England’s increasing secularity caused Newman sadness. But composing verse was a way for Newman to release emotion; he frequently refers in letters to his poetry as a means of relieving his mind. To that end, Newman believed the content of his poetry was more important than the form, and that the best poetry expressed sincere feeling. However, Newman still paid attention to the form, as is evidenced in this poem “England.” Newman uses mixed meter and begins several lines with a strong stressed syllable, in order to emphasize these first words.

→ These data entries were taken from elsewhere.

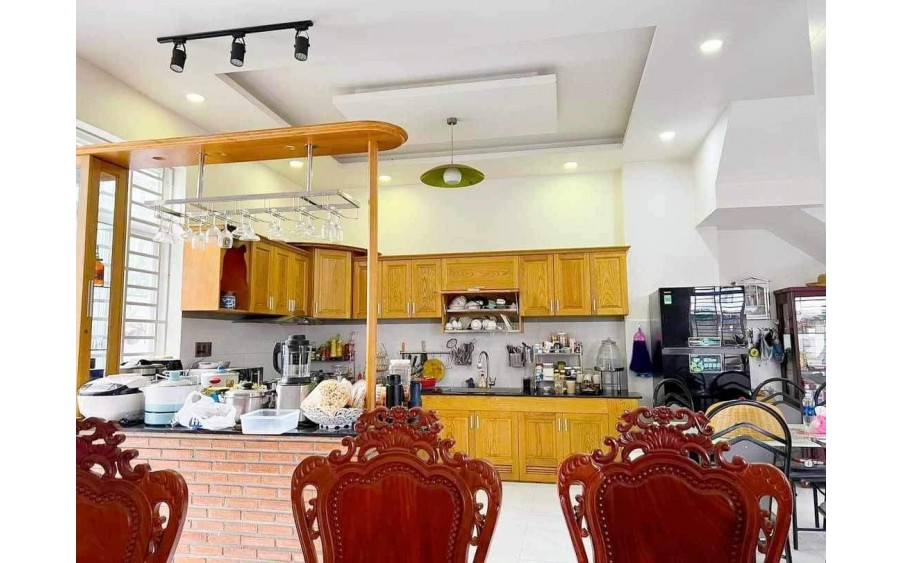 CHỦ LÊN BIỆT THỰ - Bán RẺ 1 Căn 4 Tầng Mặt Phố Xây Tâm Huyết, 4PN, Biệt Thự Mini, Sát Ngay Vành Đai 2, Chỉ Hơn 6 tỷ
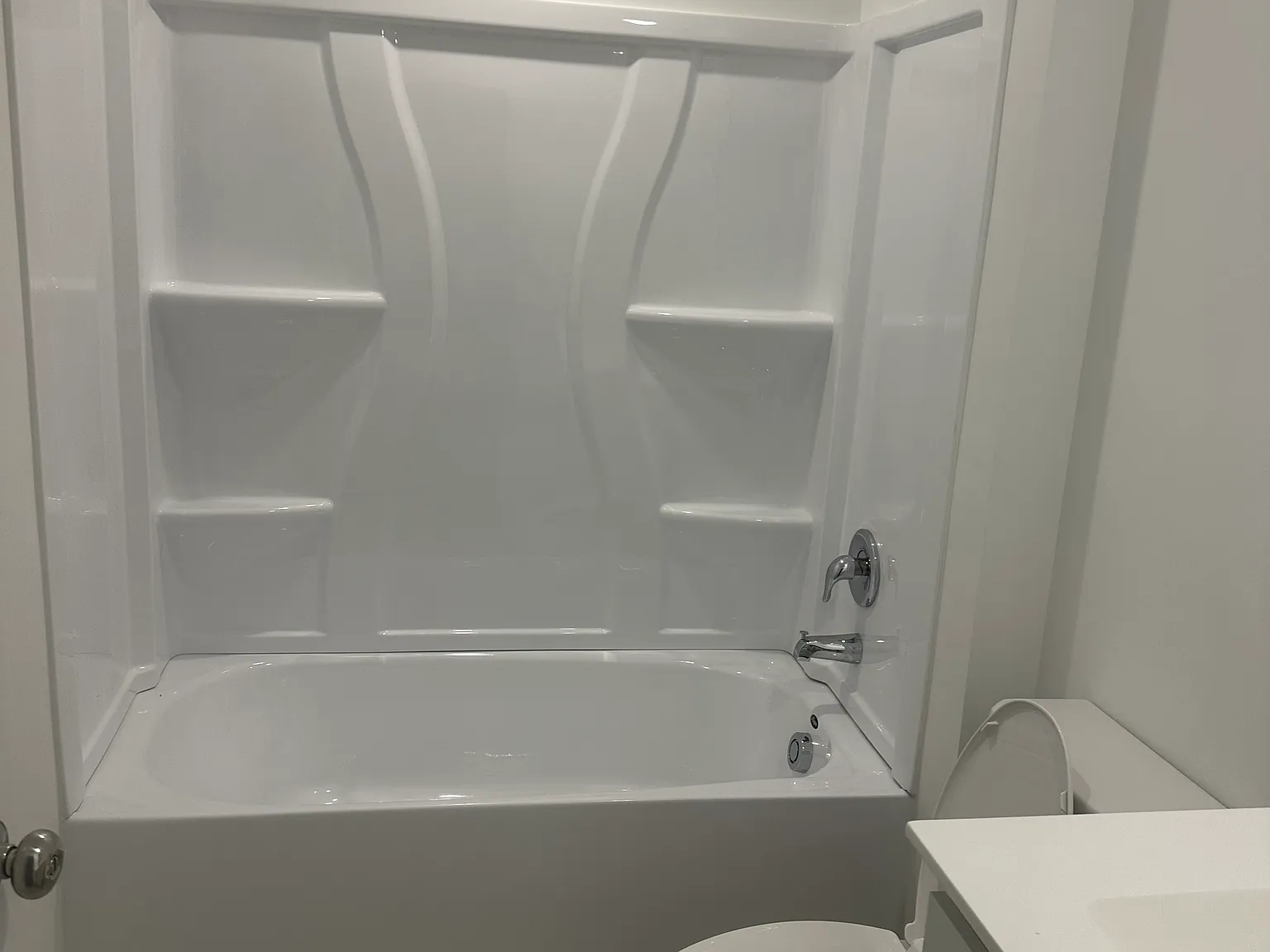 3 bed, 1468 sqft, $1,000 — Photo 1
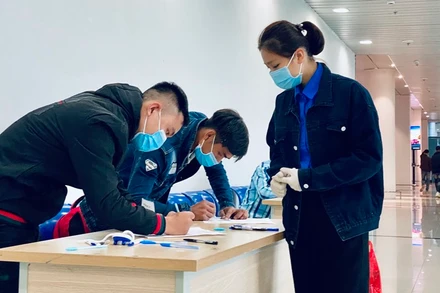 Hướng dẫn khai báo y tế tại Cảng hàng không quốc tế Cát Bi (Hải Phòng).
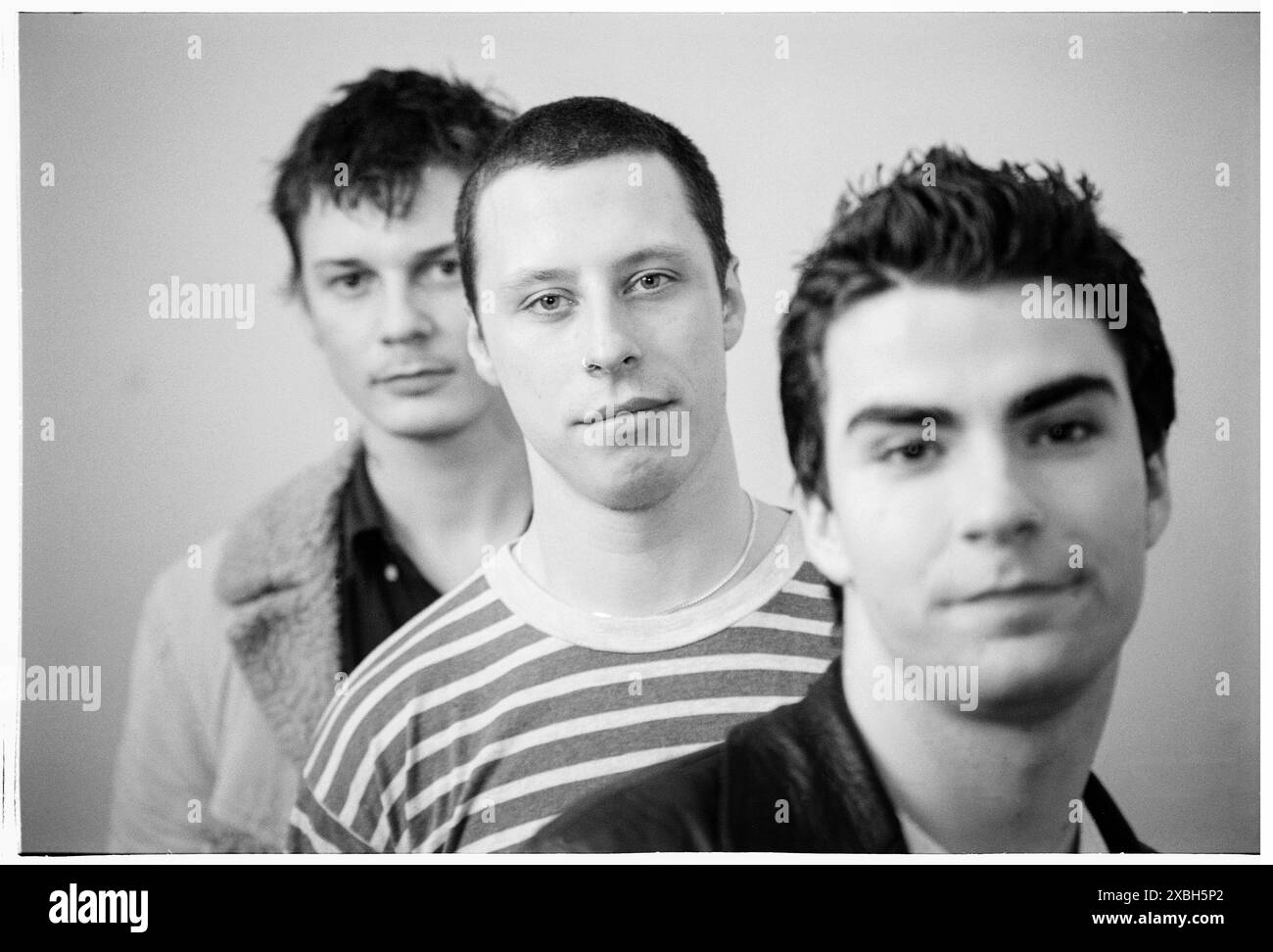 STEREOPHONICS, BACKSTAGE PORTRAIT, VERY YOUNG, 1997: The Stereophonics Original lineup full band in un mini-festival di St David's Day al Coal Exchange a Cardiff Bay, Galles, Regno Unito il 1° marzo 1997. Foto: Rob Watkins. INFO: Stereophonics, una band rock gallese, emerse negli anni '1990 come figure di spicco del rock britannico. Con la voce e i successi di Kelly Jones come "Dakota", hanno raggiunto il successo commerciale. La loro discografia riflette un diverso mix di generi rock, mostrando il loro fascino duraturo. Foto Stock
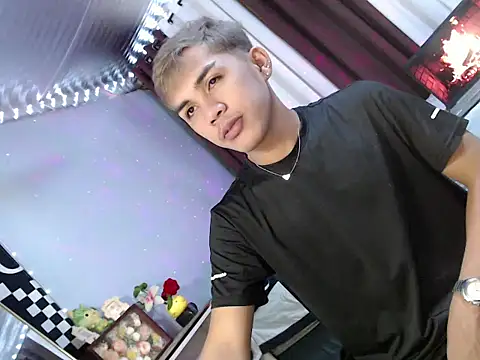 urhot chany online show from 07-10-26, 04:39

In the first stanza, lines 1, 4, and 5 begin with a stressed syllable, instead of the initial unstressed syllable of the usual iambic meter.
TYRE of the West, and glorying in the name
More than in Faith’s pure fame!
O trust not crafty fort nor rock renown’d
Earn’d upon hostile ground;
Wielding Trade’s master-keys, at thy proud will
To lock or loose its waters, England! trust not still.

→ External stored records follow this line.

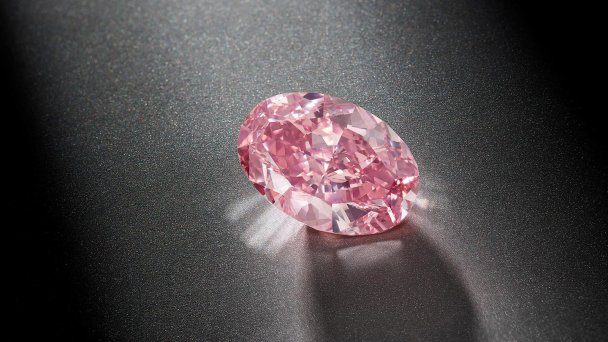 Розовый бриллиант весом 6,2 карата (Фото Phillips) 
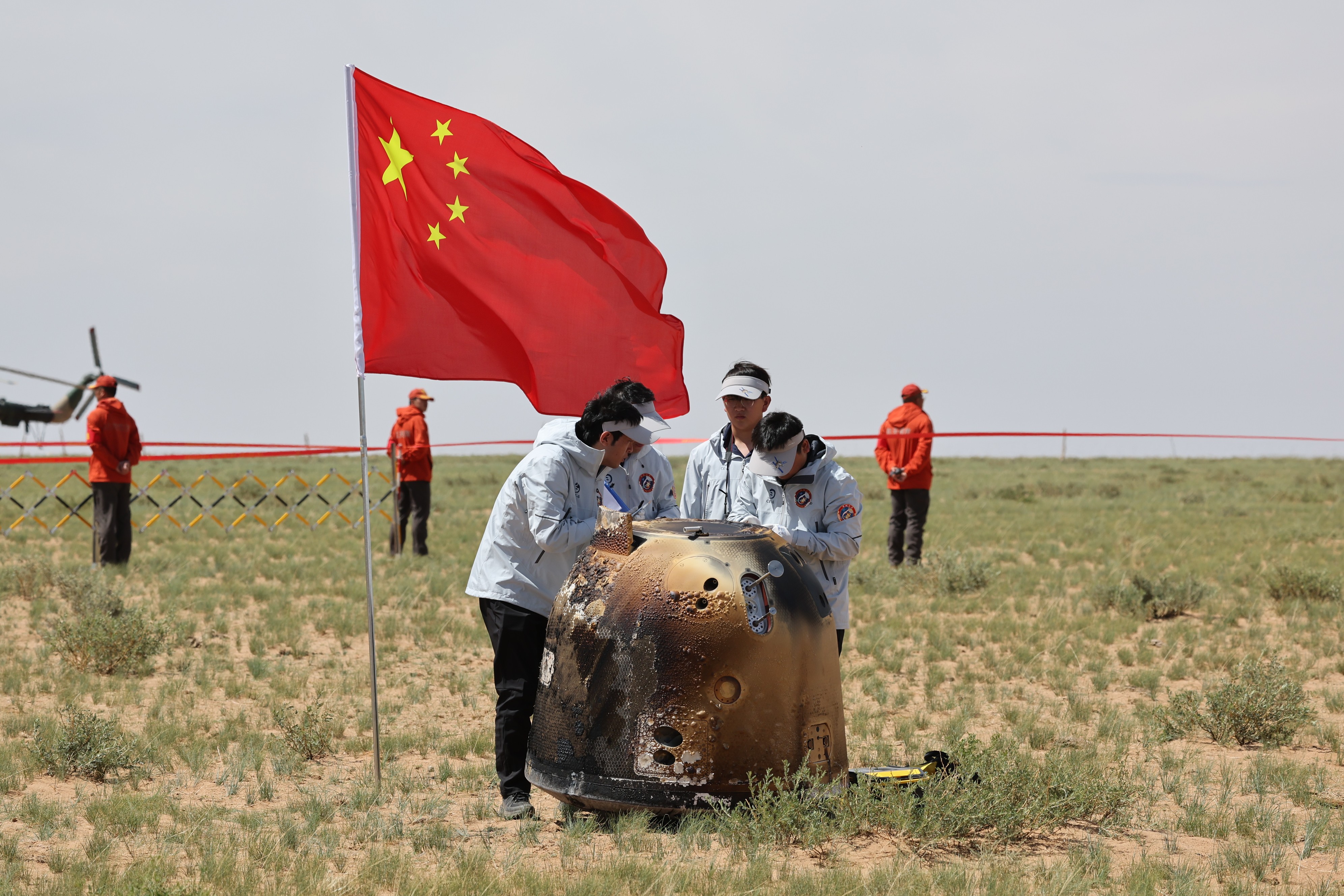 6月25日拍攝的嫦娥六號返回器回收現場(chǎng)。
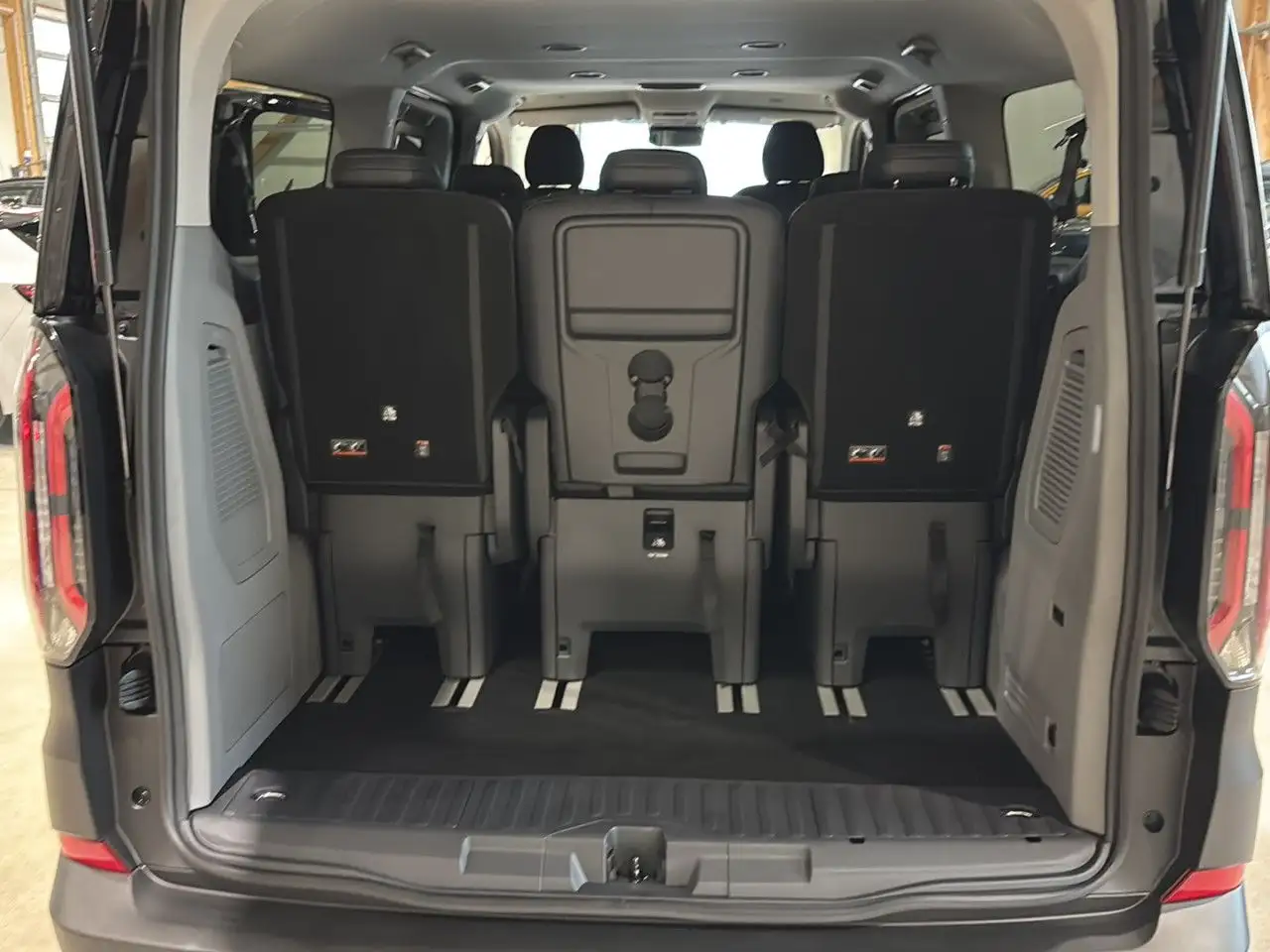 Ford Tourneo 16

Newman opens the poem in a powerful way, by recalling the gentile city of Tyre. Jesus mentions Tyre and Sidon in the gospel of St. Luke 10:13–14, comparing them to several cities in which He had performed miracles. Those Israelite cities had been blessed with Jesus’ presence, and power, yet they had not repented. Jesus pronounces woes on them (Chorazin and Bethsaida), stating that Tyre and Sidon, given the same opportunity, would have turned from their wickedness and been saved.
In the second stanza, stressed syllables continue to emphasize certain words. Newman exhorts England to take heed of how the Biblical strongholds, because of pride, were in actuality frail, due to the attitudes of the people. The lines with irregular meter along with stressed words in unexpected places, cause the sound of the lines to echo the sense of the words: that is, the “madness” of man’s foolishness is indicated by the meter.
Dread thine own power! Since haughty Babel’s prime,
High towers have been man’s crime.
Since her hoar age, when the huge moat lay bare,
Strongholds have been man’s snare.
Thy nest is in the crags; ah! refuge frail!
Mad counsel in its hour, or traitors, will prevail.
The final stanza continues the use of stressed syllables to emphasize words. Here, it is the judgment of God upon these cities, with the accompanying sound echoing the sense, which lends power to the verse. Newman believed the meter of the poem would flow naturally from the poem’s meaning, through the poet’s free choice of meter, instead of by following conventional fixed metrical patterns.
He who scann’d Sodom for His righteous men
Still spares thee for thy ten;
But, should vain tongues the Bride of Heaven defy,
He will not pass thee by;
For, as earth’s kings welcome their spotless guest,
So gives He them by turn, to suffer or be blest.
(At Sea.December 18, 1832)
Jesus used the gentile cities of Tyre and Sidon to highlight the way God’s chosen people, in contrast, had refused Him. While Newman pleads with England to be like Tyre, we could well apply these words to the United States, which also needs to humbly obey God’s laws instead of rebelling as did the English.
Newman’s use of meter, along with end rhyme, serve to make this poem an excellent example of his use of poetic technique which is rich in form yet always secondary to content.